I never was an athlete in high school or college so I didn’t have years of pounding and time on my feet for my body to adjust to exercise. So, naturally rushing into running and exercise in order to be better – I got injured. Don’t let this happen to you.
Staying Healthy is the Key
An injured runner can not train for running…makes sense doesn’t it? Sure, you can maintain fitness cross-training but we all know it is not the same. You can have the greatest training season only to get carried away and get injured before the race and all that training was lost.
Ask yourself everyday what the point of THIS run is? If you can’t answer that question and are just running to run…then don’t run. I found myself some days throwing in doubles just because I had the time…not a good reason. Don’t risk injury just to burn a few more calories or just because you can. Have a reason!
Running Form is Important
My husband always told me running form was important. I heard him but I didn’t fully listen. I neglected form drills he recommended at first and I paid for it. I was a heel-striker and still partly am – though I have improved.
Running form can reduce the impact of forces put on your body and reduce muscle imbalances where you don’t want them. Think about it. If you are heel striking then you are landing out in front of you and more force is being directed into the lower leg which can lead to overuse injuries such as stress fractures.
Do your form drills. They are important. Period.
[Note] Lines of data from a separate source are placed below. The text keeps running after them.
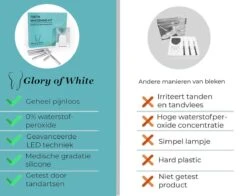 Tandenbleker Premium - Glory Of White - Professionele Tandenbleekset - Wittere Tanden - Tanden Bleken - Teeth Whitening - Zonder Peroxide -Verzorgingsproducten Verkoop 1200x951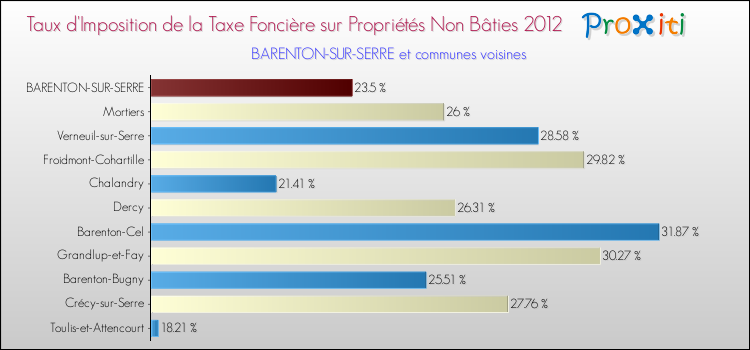 Taux d'imposition de la taxe foncière sur les immeubles et terrains non batis 2012 pour BARENTON-SUR-SERRE et les communes proches Comparaison des taux d'imposition de la taxe foncière sur les immeubles et terrains non batis 2012 pour BARENTON-SUR-SERRE et les communes voisines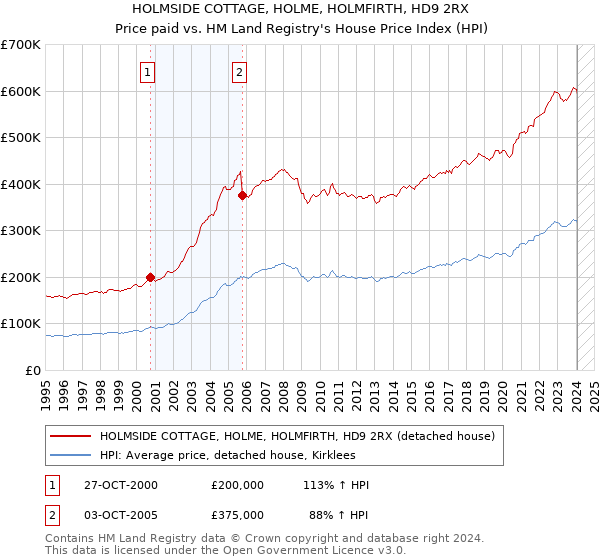 HOLMSIDE COTTAGE, HOLME, HOLMFIRTH, HD9 2RX: Price paid vs HM Land Registry's House Price Index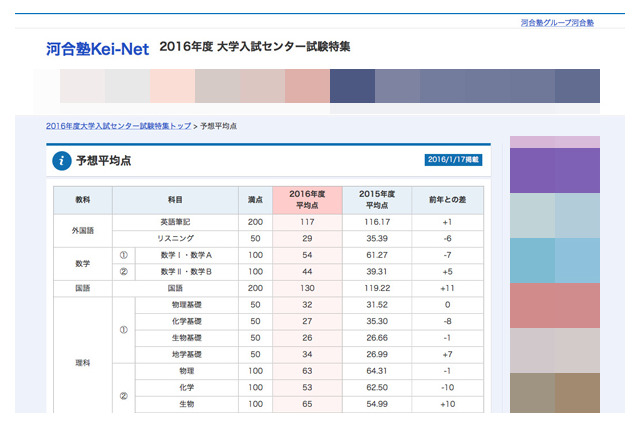 【センター試験2016】予想平均点、河合塾とベネッセ・駿台が発表 画像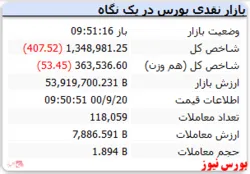 شاخص با افت اندک قرمزپوش است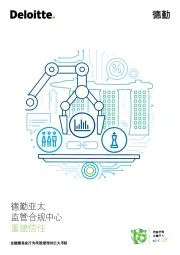 金融服务业行为风险管理的三大手段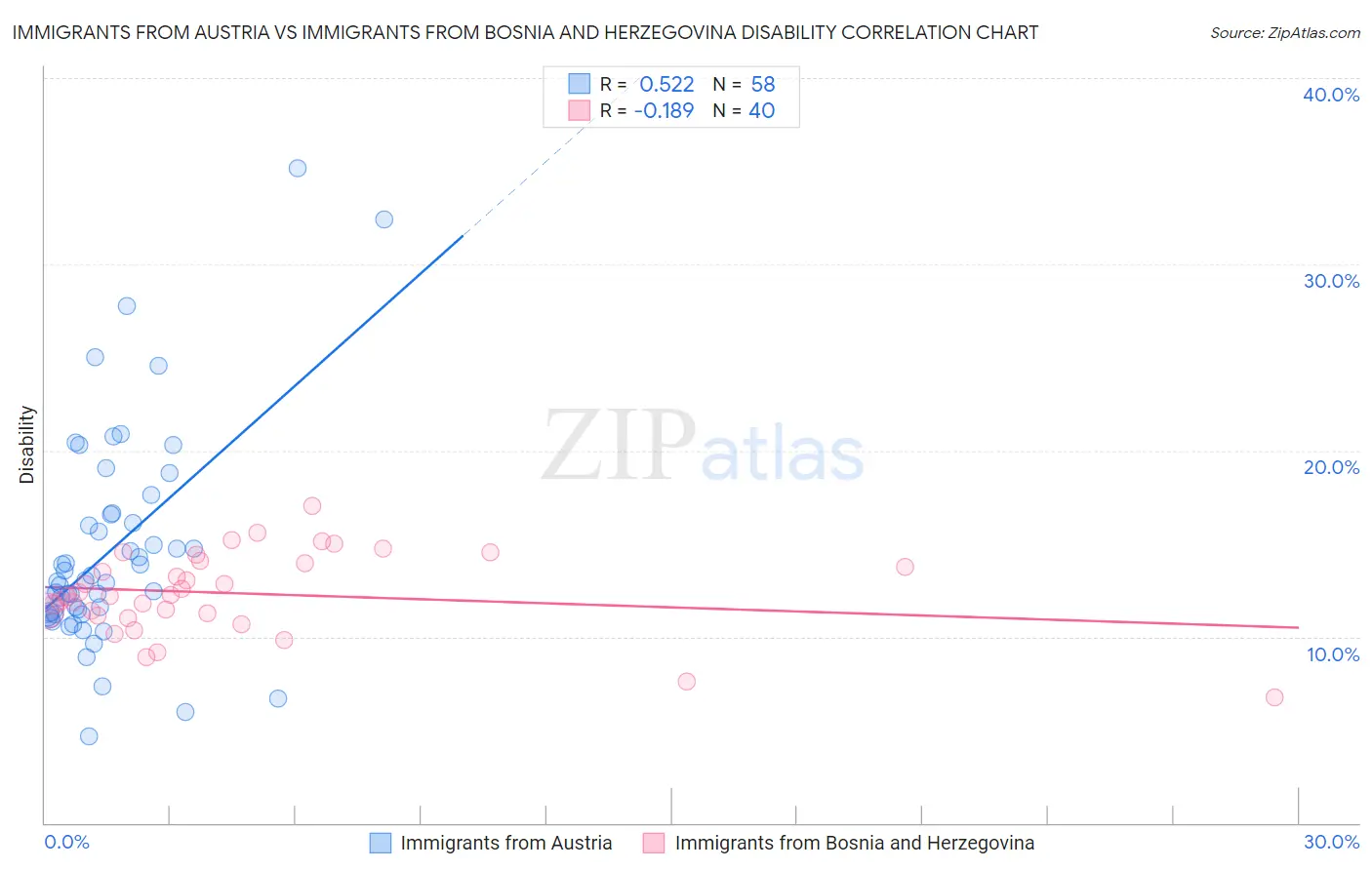 Immigrants from Austria vs Immigrants from Bosnia and Herzegovina Disability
Intensity > More Mileage (sort of)
High mileage can be super beneficial for some runners. But, you have to do it right. But, intensity on the other hand can get you huge gains on less mileage. If you are time-crunched like me a lot of times – you are much better off upping the intensity and decreasing the miles than trying to just run a ton of miles.
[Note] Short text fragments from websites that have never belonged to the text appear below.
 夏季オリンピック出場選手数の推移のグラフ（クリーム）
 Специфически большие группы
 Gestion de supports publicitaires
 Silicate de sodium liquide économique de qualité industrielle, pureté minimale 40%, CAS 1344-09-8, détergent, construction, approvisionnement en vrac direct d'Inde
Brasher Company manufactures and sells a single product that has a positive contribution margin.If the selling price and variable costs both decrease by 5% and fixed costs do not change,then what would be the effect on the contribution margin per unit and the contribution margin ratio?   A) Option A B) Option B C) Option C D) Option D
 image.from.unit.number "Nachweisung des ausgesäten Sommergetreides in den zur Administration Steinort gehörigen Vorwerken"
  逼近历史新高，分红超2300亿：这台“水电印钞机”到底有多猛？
That is not to say more mileage can’t help. But, you must way the balance. If you are trying to get your body use to pounding and be able to handle the higher intensity work then running a bit higher mileage and decreasing intensity can help.
But, intensity in your training will improve your running form and lead to higher gains without as much pounding from high mileage.
Rest Days are Important…Seriously
What are rest days? That was my thought in the beginning. I thought I needed to be working hard everyday. I found out real quick that was wrong. Build in rest days whether that is cross training or complete rest or for some super high mileage runners like my husband…a very low mileage day on soft ground.
Don’t Neglect Strength Work
In the ideal world we could all just run, relax, have great posture, get massages, etc. But, this isn’t a perfect world. We work full-time or part-time, have kids, or are just plain busy.
Strength work is important to build in to help maintain that balance. It is the “web” that interconnects the running with recovery.
For example, if you have weak thigh muscles than other parts of your body like hamstrings and hip muscles are going to compensate for that. This will add extra pressure and force in other parts of your body that you don’t necessarily want. Add in strength work to keep you healthy and your body strong.
Being injured plain stinks! Don’t be like me when it came to some of these points and learn the hard way. It is no fun. I am by no means perfect now and I am always learning but if somebody can prevent themselves from getting injured by hearing me out – then it was worth it!
What have you learned from your injuries?